Cisco claims that this practice of targeting users of technologies, instead of the manufacturers who integrate the technologies into products, is improper and illegal. Innovatio responds by noting, among other things, that patent law permits patent owners to enforce their rights against any party who makes, sells, or uses the protected technology without permission.
Tactically, the motivation behind patent owners taking action against users of products that incorporate the protected technologies instead of against the parties who integrate the technologies into the products seems clear. It is often more likely that the end users, who are generally not technology-expert companies, will agree more quickly to pay the patent owners to settle the dispute than would the product manufacturers.

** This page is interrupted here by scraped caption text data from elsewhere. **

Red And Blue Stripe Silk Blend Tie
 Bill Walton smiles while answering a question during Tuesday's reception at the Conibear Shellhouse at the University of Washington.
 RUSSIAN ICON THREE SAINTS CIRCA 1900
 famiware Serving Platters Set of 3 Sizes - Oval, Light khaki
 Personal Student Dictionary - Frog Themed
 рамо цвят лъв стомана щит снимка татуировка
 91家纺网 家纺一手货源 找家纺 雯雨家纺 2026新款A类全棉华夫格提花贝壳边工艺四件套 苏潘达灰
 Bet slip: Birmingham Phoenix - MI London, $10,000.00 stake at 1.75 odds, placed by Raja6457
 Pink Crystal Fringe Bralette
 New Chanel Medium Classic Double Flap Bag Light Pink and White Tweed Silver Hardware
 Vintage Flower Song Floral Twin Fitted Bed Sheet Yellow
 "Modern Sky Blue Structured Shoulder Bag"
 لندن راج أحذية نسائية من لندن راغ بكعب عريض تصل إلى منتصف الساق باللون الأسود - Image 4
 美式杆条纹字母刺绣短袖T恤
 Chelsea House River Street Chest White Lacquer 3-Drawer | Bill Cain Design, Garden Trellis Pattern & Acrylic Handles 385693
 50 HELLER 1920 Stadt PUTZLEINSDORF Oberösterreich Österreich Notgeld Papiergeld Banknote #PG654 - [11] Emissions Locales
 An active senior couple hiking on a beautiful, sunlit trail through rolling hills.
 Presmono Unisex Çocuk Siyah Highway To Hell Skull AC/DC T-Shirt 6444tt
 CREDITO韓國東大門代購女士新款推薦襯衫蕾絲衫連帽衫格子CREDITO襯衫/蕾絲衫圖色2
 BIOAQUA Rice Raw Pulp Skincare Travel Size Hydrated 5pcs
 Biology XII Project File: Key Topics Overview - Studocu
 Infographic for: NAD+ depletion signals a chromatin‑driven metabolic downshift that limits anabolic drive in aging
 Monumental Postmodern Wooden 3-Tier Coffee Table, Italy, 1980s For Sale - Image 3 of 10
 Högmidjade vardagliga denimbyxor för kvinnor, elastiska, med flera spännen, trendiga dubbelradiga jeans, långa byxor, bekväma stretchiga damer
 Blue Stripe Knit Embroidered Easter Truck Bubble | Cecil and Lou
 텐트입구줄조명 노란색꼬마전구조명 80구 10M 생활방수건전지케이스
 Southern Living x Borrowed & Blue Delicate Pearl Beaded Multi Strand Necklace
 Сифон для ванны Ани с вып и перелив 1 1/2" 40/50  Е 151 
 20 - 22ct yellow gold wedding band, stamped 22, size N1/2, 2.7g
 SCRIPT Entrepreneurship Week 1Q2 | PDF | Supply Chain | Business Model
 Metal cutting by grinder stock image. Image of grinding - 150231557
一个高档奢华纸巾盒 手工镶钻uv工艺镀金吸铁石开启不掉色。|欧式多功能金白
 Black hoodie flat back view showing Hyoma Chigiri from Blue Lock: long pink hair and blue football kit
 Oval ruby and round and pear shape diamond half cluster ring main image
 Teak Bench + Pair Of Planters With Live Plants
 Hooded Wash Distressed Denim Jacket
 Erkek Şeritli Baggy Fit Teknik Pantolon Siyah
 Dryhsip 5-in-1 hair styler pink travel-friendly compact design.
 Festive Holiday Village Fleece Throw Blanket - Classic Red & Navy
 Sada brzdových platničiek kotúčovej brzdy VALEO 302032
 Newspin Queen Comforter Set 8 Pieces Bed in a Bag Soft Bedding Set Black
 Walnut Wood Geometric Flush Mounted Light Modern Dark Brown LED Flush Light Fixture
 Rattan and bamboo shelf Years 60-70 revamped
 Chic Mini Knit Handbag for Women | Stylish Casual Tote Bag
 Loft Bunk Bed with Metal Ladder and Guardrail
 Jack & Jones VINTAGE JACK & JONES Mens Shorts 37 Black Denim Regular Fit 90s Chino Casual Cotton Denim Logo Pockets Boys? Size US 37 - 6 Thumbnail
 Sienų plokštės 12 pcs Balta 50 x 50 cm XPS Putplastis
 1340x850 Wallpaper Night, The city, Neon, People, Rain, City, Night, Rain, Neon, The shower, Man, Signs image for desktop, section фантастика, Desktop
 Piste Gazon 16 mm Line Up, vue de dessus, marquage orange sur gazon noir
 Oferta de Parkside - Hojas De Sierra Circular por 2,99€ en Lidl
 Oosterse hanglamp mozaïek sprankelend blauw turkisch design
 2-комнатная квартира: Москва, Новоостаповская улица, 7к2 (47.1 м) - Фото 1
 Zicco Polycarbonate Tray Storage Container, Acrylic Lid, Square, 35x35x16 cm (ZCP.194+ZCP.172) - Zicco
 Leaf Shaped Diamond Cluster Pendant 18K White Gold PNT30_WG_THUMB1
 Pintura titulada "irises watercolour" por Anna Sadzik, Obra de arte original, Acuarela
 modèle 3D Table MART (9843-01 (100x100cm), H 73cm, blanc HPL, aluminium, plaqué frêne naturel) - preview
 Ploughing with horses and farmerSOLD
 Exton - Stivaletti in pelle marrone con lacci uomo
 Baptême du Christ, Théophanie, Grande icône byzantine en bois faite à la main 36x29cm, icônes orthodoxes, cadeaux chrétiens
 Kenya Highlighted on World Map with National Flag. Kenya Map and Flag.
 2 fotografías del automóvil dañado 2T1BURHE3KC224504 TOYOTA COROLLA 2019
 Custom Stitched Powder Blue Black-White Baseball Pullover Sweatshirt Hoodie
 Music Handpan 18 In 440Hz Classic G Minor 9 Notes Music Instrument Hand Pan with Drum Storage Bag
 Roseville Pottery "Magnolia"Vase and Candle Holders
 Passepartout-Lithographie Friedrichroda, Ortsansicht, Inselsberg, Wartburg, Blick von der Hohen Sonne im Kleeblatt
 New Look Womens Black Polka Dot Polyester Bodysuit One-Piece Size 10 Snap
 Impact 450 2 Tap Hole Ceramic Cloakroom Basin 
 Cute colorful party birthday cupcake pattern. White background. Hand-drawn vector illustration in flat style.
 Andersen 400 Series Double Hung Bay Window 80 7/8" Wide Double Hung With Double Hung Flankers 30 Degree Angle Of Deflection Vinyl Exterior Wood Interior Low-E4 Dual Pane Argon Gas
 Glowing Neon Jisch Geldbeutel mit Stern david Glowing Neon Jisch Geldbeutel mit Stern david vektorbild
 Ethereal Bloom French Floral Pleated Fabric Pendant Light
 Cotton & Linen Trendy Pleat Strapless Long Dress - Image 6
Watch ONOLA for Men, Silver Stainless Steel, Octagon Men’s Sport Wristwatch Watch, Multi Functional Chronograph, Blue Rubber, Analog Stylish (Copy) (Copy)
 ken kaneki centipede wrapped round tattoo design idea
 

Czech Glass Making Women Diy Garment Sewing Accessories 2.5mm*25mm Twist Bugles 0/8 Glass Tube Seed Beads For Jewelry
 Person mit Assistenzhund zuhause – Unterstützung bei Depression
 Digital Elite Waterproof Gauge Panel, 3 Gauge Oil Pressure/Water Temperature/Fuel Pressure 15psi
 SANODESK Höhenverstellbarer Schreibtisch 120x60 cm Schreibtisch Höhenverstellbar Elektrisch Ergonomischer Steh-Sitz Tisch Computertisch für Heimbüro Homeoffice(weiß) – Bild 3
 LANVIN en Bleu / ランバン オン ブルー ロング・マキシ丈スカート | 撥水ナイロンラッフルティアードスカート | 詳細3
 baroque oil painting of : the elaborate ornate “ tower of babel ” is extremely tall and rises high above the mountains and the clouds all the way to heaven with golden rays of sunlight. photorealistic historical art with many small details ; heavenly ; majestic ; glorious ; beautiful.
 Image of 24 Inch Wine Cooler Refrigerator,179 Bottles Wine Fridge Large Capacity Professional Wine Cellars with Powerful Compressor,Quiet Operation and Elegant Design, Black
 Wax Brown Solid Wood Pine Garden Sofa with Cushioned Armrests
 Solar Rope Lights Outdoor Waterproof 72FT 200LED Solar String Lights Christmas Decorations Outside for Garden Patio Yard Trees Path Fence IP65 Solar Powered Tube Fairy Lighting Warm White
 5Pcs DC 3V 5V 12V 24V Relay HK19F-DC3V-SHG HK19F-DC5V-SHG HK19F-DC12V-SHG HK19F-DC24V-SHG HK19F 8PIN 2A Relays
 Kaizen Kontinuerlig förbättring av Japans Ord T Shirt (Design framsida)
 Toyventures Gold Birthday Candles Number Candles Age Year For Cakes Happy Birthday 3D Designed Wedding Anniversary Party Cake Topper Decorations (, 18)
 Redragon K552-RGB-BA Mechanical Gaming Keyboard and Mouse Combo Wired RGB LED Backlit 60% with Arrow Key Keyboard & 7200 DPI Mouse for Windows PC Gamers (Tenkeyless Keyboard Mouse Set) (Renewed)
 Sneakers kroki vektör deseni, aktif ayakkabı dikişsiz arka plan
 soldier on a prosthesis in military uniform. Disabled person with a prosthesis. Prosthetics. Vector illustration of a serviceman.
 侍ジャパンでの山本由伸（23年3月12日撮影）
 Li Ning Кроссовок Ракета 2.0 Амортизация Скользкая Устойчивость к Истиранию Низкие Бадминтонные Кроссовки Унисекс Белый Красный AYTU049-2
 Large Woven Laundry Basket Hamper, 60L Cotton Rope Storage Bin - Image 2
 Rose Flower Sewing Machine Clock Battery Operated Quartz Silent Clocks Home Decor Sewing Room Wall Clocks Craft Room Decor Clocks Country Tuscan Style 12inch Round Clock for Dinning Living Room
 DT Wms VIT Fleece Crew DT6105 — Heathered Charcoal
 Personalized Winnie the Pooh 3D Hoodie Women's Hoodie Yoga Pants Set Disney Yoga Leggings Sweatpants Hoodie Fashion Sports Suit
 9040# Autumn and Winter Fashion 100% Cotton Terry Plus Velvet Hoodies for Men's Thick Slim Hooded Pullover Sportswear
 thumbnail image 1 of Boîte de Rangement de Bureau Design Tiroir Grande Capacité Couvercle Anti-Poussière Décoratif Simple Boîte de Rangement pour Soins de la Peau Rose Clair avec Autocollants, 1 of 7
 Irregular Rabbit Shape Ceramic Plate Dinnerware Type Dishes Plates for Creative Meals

The motivation of the plaintiffs in this case also seems clear. Cisco and the other major technology companies are searching for ways to protect their customers. Those customers are not well-positioned to take defensive action in patent infringement litigation. If the threat of patent litigation grows, customers may hesitate before purchasing the technology-based products manufactured by Cisco and others. Additionally, quick settlements agreed to by the customers may adversely affect the defenses mounted by the technology companies in patent litigation brought directly against them.
There are clearly limits on the ability of patent owners to apply their rights. For example, antitrust law and patent law itself prohibit use of patent rights to unreasonably impede competition. There is little doubt that, under some circumstances, enforcement of patent rights against users of products in which allegedly infringing technologies are embedded could constitute racketeering. It is far from certain, however, if the incidents identified by Cisco and its co-plaintiffs in this case are, in fact, illegal.
By making these claims, Cisco and the other plaintiffs have raised the stakes in the ongoing dispute between technology users and patent owners. It seems likely that the plaintiffs are fully aware that their prospects of success in the case are highly uncertain. Cisco and the other plaintiffs may not be overly concerned about whether or not they win this particular case. The most important aspect of the case for them may well be the public platform the case provides for highlighting the significant potential adverse economic impact that can be caused by misuse of patent rights.